Lets consider why we use disk at all. To gain a degree of fault tolerance is common. We want to be able to pull the plug without fear of losing data. But if we have the data safely held elsewhere this isn’t such a big deal.
Disk is also useful for providing extra storage. Allowing us to ‘overflow’ our available memory. This can become painful, if we take the concept too far. The sluggish performance of an overladed PC that’s constantly paging memory to and from disk in an intuitive example, but this approach actually proves to be very successful in many data technologies, when the commonly used dataset fits largely in memory.
The operating system’s page cache is a key ingredient here. It’ll happily gobble up any available RAM, making many disk-backed solutions perform similarly to in-memory ones when there’s enough memory to play with. This applies to both reads and writes too, assuming the OS is left to page data to disk in its own time.
So this means the two approaches often perform similarly. Say we have two 128GB machines. On one we install an in-memory database. On the other we install a similar disk-backed database. We put 100GB of data into each of them. The disk-backed database will be reading data from memory most of the time. But it’ll also let you overflow beyond 128GB, pushing infrequently used data (which is common in most systems) onto disk so it doesn’t clutter the address space.
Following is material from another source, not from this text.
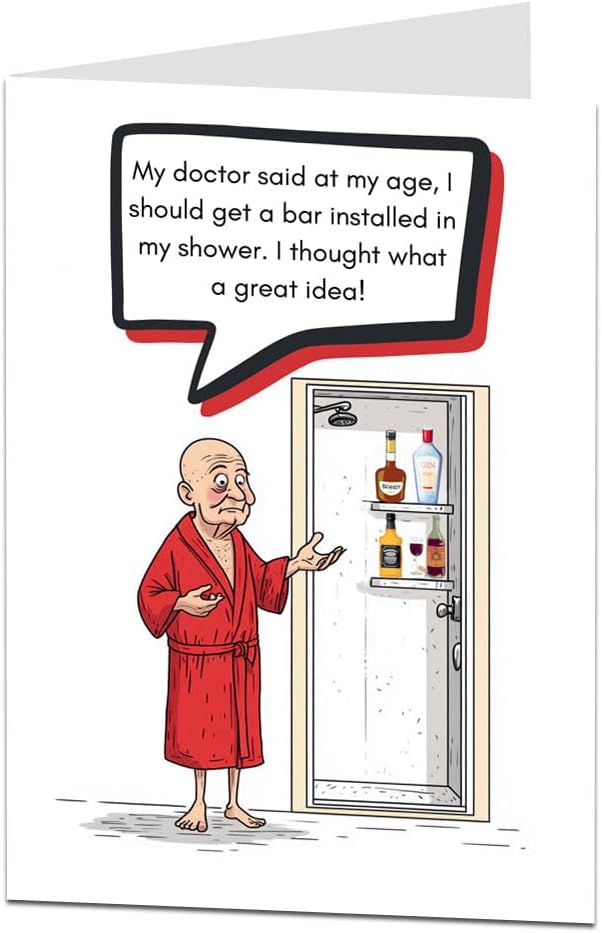 LimaLima Funny Birthday Card For Men Large 5.5 x 8.5 Shower Bar Design For Him Perfect For Husband Dad Brother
Now the tradeoff is a little subtler in reality. An in-memory database can guarantee comparatively fast random access. This gives good breadth for optimisation. On the other hand, the disk-backed database must use data structures optimised for the sequential approaches that magnetic (and to a slightly lesser extent SSD) based media require for good performance, even if the data is actually being served from memory.
So if the storage engine is something like a LSM tree there will be an associated overhead that the in-memory solution would not need to endure. This is undoubtedly significant, but we are still left wondering whether the benefit of this optimisation is really worth the downsides a of pure, in-memory solution.
Another subtlety relates to something we mentioned earlier. We may use disk for fault tolerance. A typical disk-backed database, like Postgres or Cassandra, uses disk in two different ways. The storage engine will use a file structure that is read-optimised in some way. In most cases an additional structure is used, generally termed a Write Ahead Log. This provides a fast way for logging data to a persistent media so the database can reply to clients in the knowledge that data is safe.
Now some in-memory databases neglect durability completely. Others provide durability through replication (a second replica exists on another machine using some clustering protocol). This later pattern has much value as it increases availability in failure scenarios. But this concern is really orthogonal. If you need a write ahead log use one, or use replicas. Whether your dataset is pinned entirely in memory, or can overflow to disk, is a separate concern.
A different reason to turn to a purely in-memory solution is to host a database in-process. In this case the performance gain comes largely from the shared address space, lack of network IO, lack of de/serialisation etc. This is valuable for applications which make use of local data processing. But all the arguments above still apply and disk overflow is again, often sensible.
So the key point is really that having disk around, as something to overflow into, is well worth the marginal tradeoff in performance. This is particularly true from an operational perspective. There is no hard ceiling, which means you can run closer to the limit without fear of failure. This makes disk-backed solution cheaper and less painful to run. The overall cost of write amplification (the additional storage overhead associated with each record) is often underestimated** meaning we often hit the memory wall sooner than we’d like. Moreover the reality of most projects is that a small fraction of the data held is used frequently, so paying the price of holding that in RAM can become a burden as datasets grow… and datasets always grow!
There is also reason to urge caution though. The disk-is-slow intuition is absolutely correct. Push your disk-backed dataset to the point where the disk is being used for frequent random access and performance is going to end up falling off a very steep cliff. The point is simply that, for many use cases, there’s likely more wiggle room than you may think.
So memory optimised is good. Memory optimised is fast. But the downsides of the hard limit imposed by pure in-memory solutions is often not worth the operational burden, especially when disk backed solutions, provided ample memory to use for caching, perform equally well for all but the most specialised, data intensive use cases.
** When I worked with distributed caches a write amplification of x6 was typical in real world systems. This was made from a number of factors: Primary and replica copies, JVM overhead, data skew across the cluster, overhead of Java objects representations, indexes.